A Triunidade de Deus
Você acredita na triunidade de Deus? Você pode responder: Não! Não acredito! Ou sim, eu acredito, ou, talvez: Acredito mas não consigo entendê-la nem explicá-la. Resumindo, muitos crentes das igrejas dizem acreditar na triunidade de Deus mas admitem que não entendem como ela se constitui. Para esclarecer parte das dúvidas que rondam o assunto, e poder se fazer entender esta valiosa doutrina, dividi o estudo em duas partes. Na primeira parte vamos separar as principais passagens bíblicas que expressam a comprovam a triunidade de Deus. Na segunda parte veremos que a triunidade de Deus não é uma doutrina abstrata, pelo contrário, é uma doutrina prática, pois nos ensina o valor da colaboração humilde, o valor do relacionamento afetuoso e do conhecimento pessoal.
Ide, portanto, fazei discípulos de todas as nações, batizando-os em nome do Pai, e do Filho, e do Espírito Santo; (Mateus 28:19)
I - O que a Bíblia nos fala sobre a triunidade de Deus?

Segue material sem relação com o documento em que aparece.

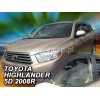Ανεμοθραύστες Toyota Highlander (USA) (2007-2013) - 2 τμχ εμπρός, Heko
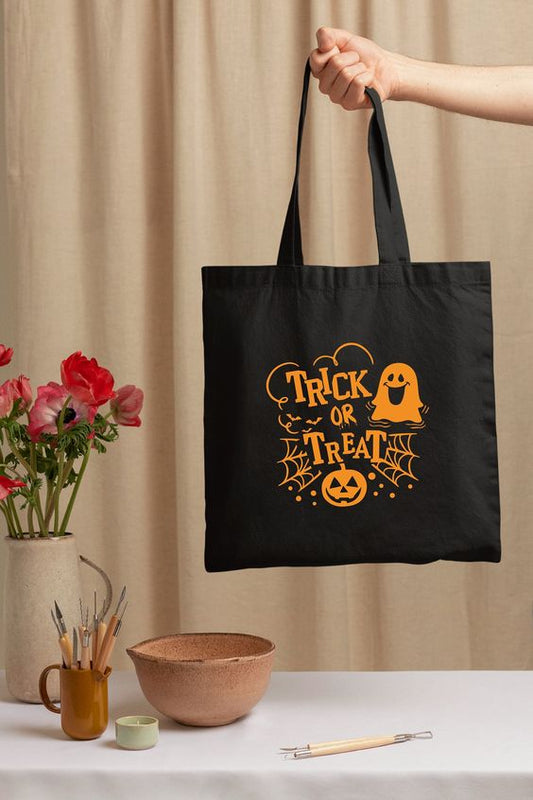 Sacosa Trick or Treat Negru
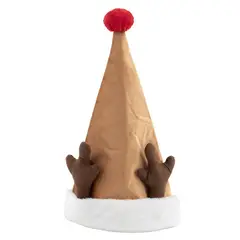 DEAR SANTA - Gorro navidad rudolph café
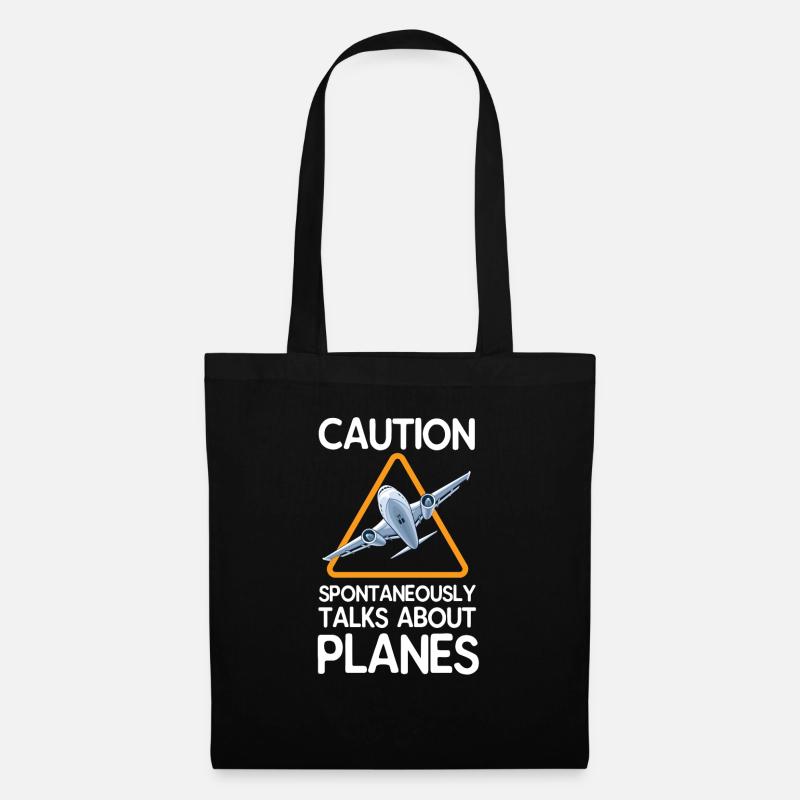 plane - Tote Bag - black
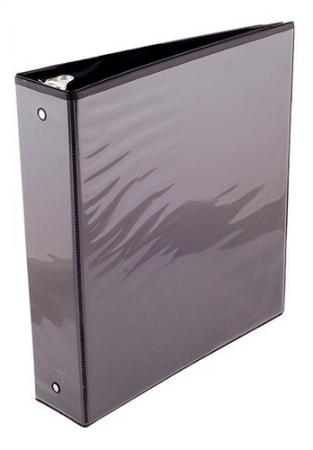 Carpeta de 3 Aros 1/2' Negra con Forro Transparente Carta Ref. 020002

A palavra “Triunidade” ou “Trindade” não aparece nas Escrituras Sagradas. Trata-se de um termo criado pela teologia para expressar uma doutrina ensinada pela Palavra de Deus. Que doutrina? A de que “Deus existe eternamente como três pessoas – Pai, Filho e Espírito Santo – e cada pessoa é plenamente Deus, e existe um só Deus” [GRUDEM, W. Teologia Sistemática. São Paulo: Vida Nova, 2006, pp. 165-197]. Esta doutrina não é fruto da imaginação humana, mas, sim, da revelação bíblica. Esta revelação não acontece de uma só vez. Ao contrário, ela vai sendo apresentada e demonstrada pouco a pouco. Isso se chama revelação progressiva.Pense no povo de Israel, eles seriam capazes de escutar e entender esta doutrina tão complexa e misteriosa imediatamente? Claro que não! A mente deles ainda era bastante imatura. Como diria o apóstolo Paulo, ainda falavam como meninos, entendiam como meninos, pensavam como meninos (I Co 13:11). Além do mais, eram rodeados de nações que adoravam muitos deuses em seus cultos. Se não fosse bem entendida, a doutrina da Trindade poderia conduzi-los à prática da idolatria. O fato é que, por causa dessa meninice e desse politeísmo, o sábio Deus foi cuidadoso e cauteloso em declará-la. Ele não queria que essa verdade fosse corrompida por aqueles que deveriam preservá-la.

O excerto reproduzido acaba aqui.